Laszlomydarling · 08/03/2025 19:16

Wishing you all the strength in the world to escape this vile man. He is absolutely not a good Dad. He's a despicable one.

Be very careful with how you leave. Get assistance, don't try to leave without help as it can be dangerous. He will not be able to take away your child.

I left my abuser 8 years ago. It was hard, so so hard, but it was truly the best decision I have ever made. There is a much happier life for you amd your child after all this.

MissyPants · 08/03/2025 21:14

Hope you are ok OP. This is a safe space. Thinking of you.

Mrsgreen100 · 08/03/2025 21:25

The abuse is escalating and in my experience will only get worse. you Need to get the hell out of there call the police report him if you’re too scared to do that at least photograph your injuries keep a list of everything he does somewhere safe where he can’t find it
you only have a six month window to report domestic violence.

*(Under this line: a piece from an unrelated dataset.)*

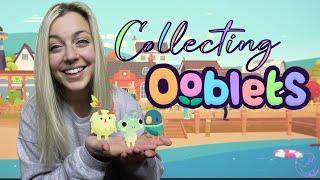 How hard is it to get a Gleamy Ooblet? // Ooblets Challenge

Do something about it please please please you don’t deserve it.

Redfred00 · 08/03/2025 21:41

You are in danger. He's abusing you and that abuse is escalating. Unfortunately, strangulation is biggest predictor of homicide later on by that partner. You son loves his dad but at this rate he will not have a mum or a dad. You'll end up dead and he'll end up in prison.

You need proper advice because men like this are really dangerous when you are leaving. You need to plan and exit safely. There's a lot of support out their if you are fleaing DV. Don't worry about SS they have seen it all before. They will know he's lying.

Staying alive has to be your priority.

EG94 · 08/03/2025 21:55

Once you’ve taken all the steps and you’re out, you won’t look back. I’m just out of an abusive relationship not as physical as yours mostly mental but now I’m out and he is gone I don’t know why I didn’t do it sooner. Abusers have good days and bad and you live for the good ones. I’d say it’s one of the hardest things I’ve ever done. Can’t recommend therapy highly enough. Been so useful to digest everything that happened, why and how and to start to value myself and love myself again. This is the start of a very long road, it won’t be easy but nothing good comes easy x

my inbox is always open if you want a private chat xx

ZZGirl · 08/03/2025 22:04

Reading your OP made me teary... please get to safety. I'm sure everyone here has given you the best advice possible so I won't repeat but you deserve more.